• Work item
Please reproduce all entries word for word and omit their pictures.

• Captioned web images

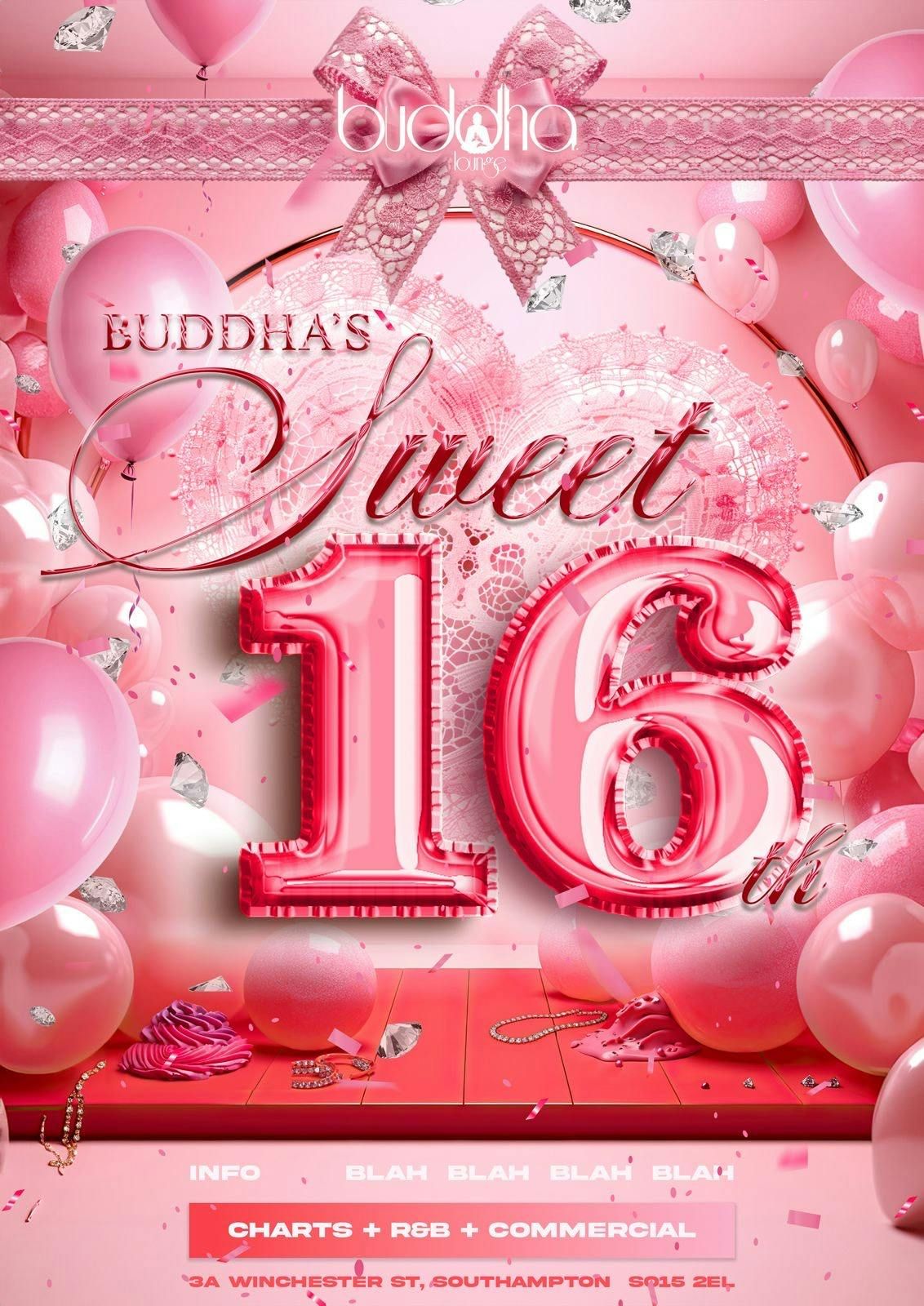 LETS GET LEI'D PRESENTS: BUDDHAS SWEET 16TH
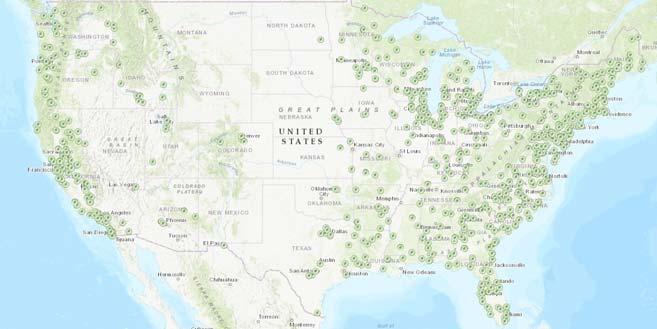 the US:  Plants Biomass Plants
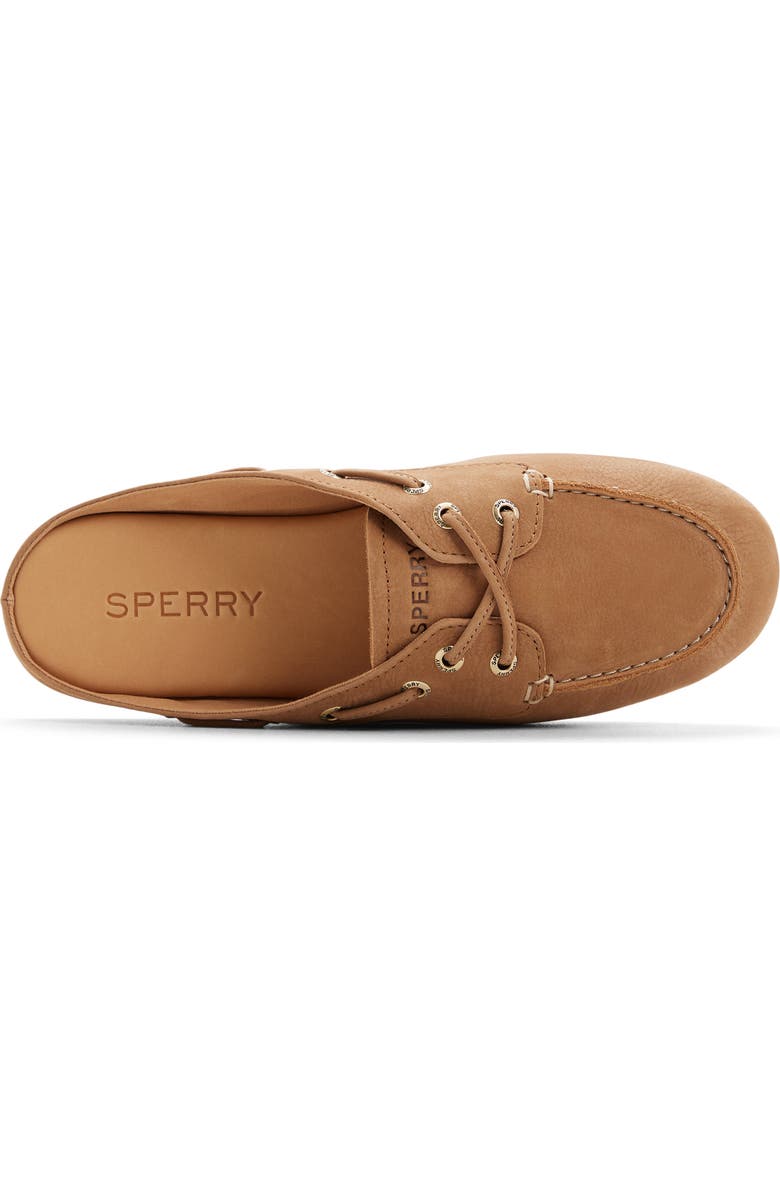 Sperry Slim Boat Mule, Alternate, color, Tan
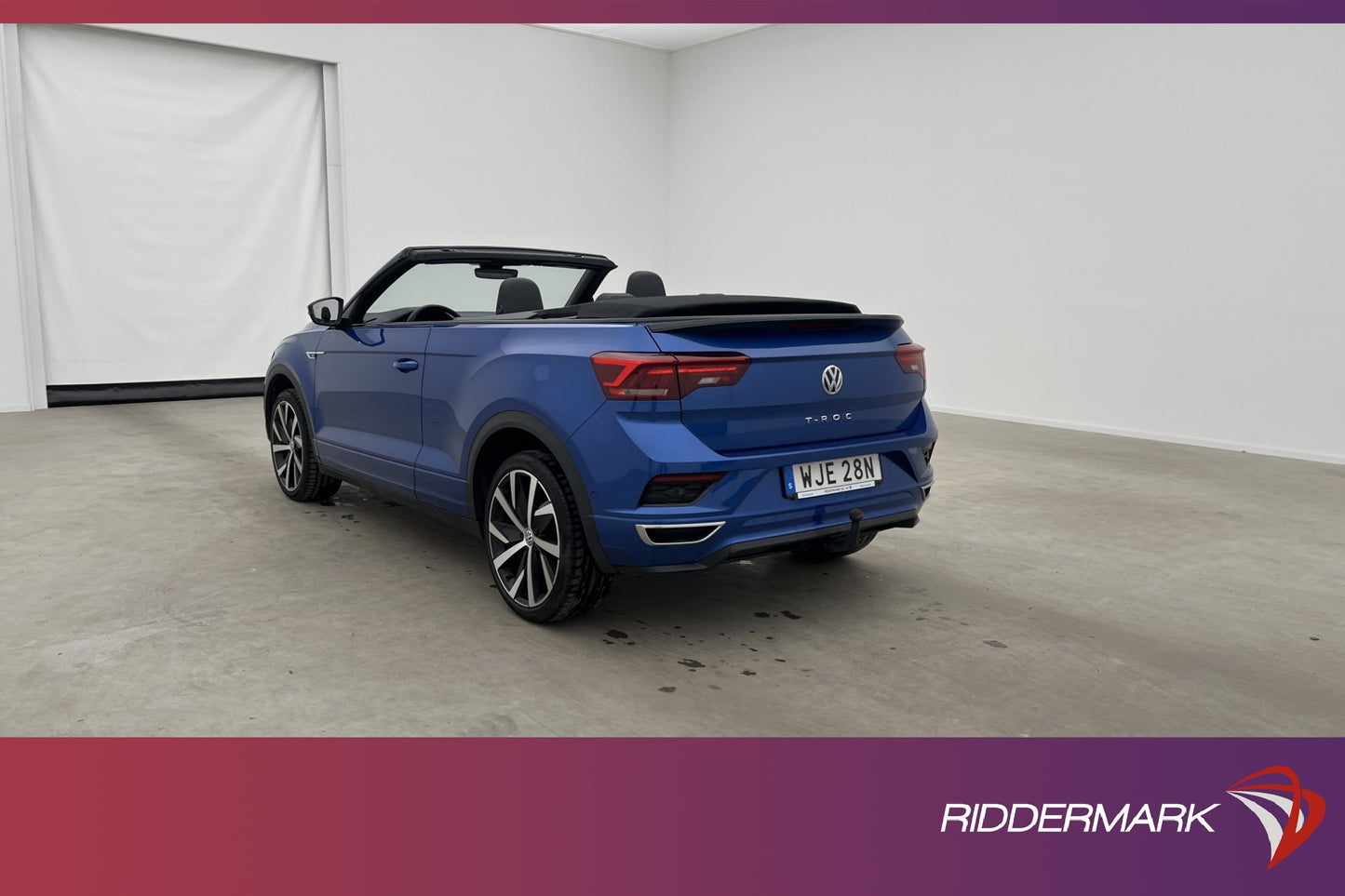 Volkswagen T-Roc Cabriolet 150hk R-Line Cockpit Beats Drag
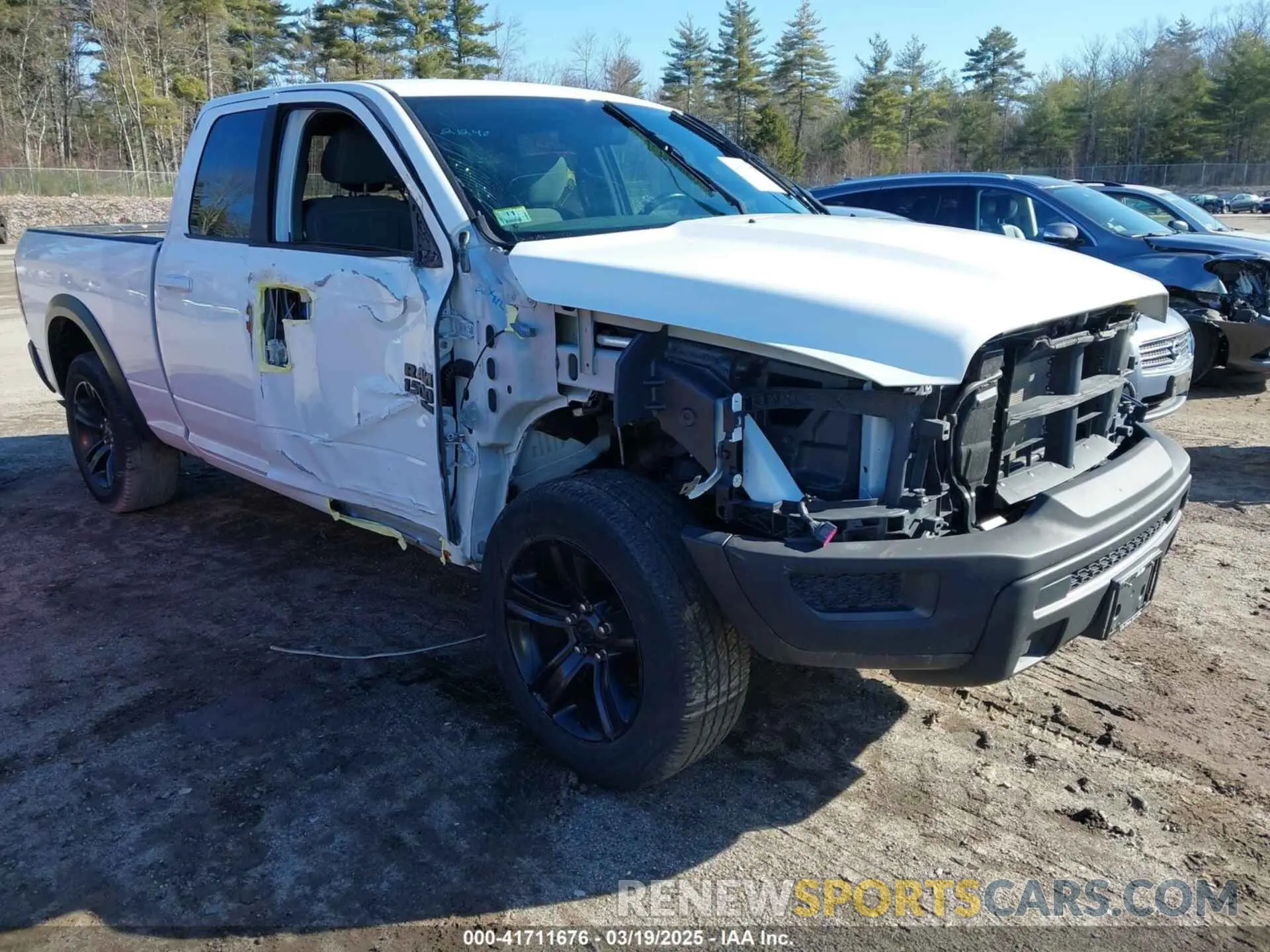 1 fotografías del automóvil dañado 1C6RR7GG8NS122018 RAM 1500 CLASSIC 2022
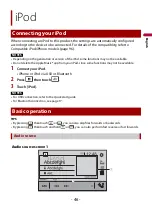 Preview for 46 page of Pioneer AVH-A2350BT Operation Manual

• Written response
 LETS GET LEI'D PRESENTS: BUDDHAS SWEET 16TH
 the US:  Plants Biomass Plants
 Sperry Slim Boat Mule, Alternate, color, Tan
 Volkswagen T-Roc Cabriolet 150hk R-Line Cockpit Beats Drag
 1 fotografías del automóvil dañado 1C6RR7GG8NS122018 RAM 1500 CLASSIC 2022
 Preview for 46 page of Pioneer AVH-A2350BT Operation Manual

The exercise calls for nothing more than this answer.